Thursday, October 20, 2011

Does Teamwork Have Evolutionary History?


It has always been speculated whether humans are selfish or whether teamwork is built into our evolutionary history. A Planck Institute funded study recently performed by Yvonne Rekers, Daniel B.M. Haun and Michael Tomasello seeks to reveal whether the tendency to cooperate is purely human or springing from primate’s tendencies. Human societies have always been built on collaborative activities. From childhood, human children are skillful and proficient collaborators and are able to identify when they need collaborators to solve a problem. Primates, specifically chimps, also engage in cooperative activities such as border patrols, group hunting, and intra- and intergroup coalitionary behavior. This study was the first study comparing collaborative motivation between children and chimpanzees, and was based on the hypothesis that a key difference between human and chimp collaboration – potentially a key point in the evolution of human cooperation – is a simple preference for collaborating (versus acting alone) to obtain food. The study gave children/chimps the option of collecting food from a board by either pulling on two ropes simultaneously by themselves, or pulling on one rope and allowing the other rope to be pulled by a partner in another room simultaneously in order to obtain the food.
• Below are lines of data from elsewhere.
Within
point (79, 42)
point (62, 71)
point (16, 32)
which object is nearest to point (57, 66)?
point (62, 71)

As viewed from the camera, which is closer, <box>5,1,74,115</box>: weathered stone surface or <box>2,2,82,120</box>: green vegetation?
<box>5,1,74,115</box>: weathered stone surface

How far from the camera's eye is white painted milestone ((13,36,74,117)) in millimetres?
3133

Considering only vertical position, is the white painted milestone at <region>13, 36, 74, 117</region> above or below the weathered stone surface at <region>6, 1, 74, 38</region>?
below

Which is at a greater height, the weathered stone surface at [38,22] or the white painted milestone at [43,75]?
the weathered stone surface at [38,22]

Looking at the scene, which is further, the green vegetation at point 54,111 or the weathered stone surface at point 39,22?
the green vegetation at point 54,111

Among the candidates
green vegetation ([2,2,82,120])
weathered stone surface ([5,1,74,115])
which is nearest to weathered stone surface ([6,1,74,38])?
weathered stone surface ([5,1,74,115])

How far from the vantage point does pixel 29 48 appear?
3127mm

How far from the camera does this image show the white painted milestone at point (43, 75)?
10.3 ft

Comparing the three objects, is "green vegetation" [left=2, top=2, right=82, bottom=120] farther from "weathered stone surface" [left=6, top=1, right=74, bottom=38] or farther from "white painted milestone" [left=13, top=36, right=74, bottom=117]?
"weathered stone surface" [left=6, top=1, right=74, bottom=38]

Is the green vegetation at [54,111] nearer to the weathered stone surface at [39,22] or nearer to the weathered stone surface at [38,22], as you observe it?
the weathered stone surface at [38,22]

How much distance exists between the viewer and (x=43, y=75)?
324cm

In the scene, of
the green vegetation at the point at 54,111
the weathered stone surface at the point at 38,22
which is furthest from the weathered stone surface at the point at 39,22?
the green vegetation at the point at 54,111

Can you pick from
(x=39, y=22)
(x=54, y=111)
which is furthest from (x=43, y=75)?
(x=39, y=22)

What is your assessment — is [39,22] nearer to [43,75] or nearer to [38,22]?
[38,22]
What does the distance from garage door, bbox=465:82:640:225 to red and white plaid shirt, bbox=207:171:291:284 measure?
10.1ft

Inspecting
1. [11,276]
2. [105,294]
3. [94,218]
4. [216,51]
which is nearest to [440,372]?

Children used the collaborating option 78% of the time while chimps only used it 58% of the time. This supported the hypothesis, reflecting the human tendency for collaborative foraging manifest in human foraging societies and raising the possibility that humans may have specialized cognitive and motivational mechanisms for collaboration, including collaborative foraging. Collaborative foraging may well have been an important behavioral domain, which humans evolved a suite of new proximate mechanisms, both cognitive and motivational, for collaborating with others in ways that eventually led to the complexities of modern human societies. Further research should compare cooperative motivation across different primate species to try to reconstruct the evolutionary history of the trait. It’s recommended to try it with bonobos, who have been argued to closely match some of the human prosocial motivations.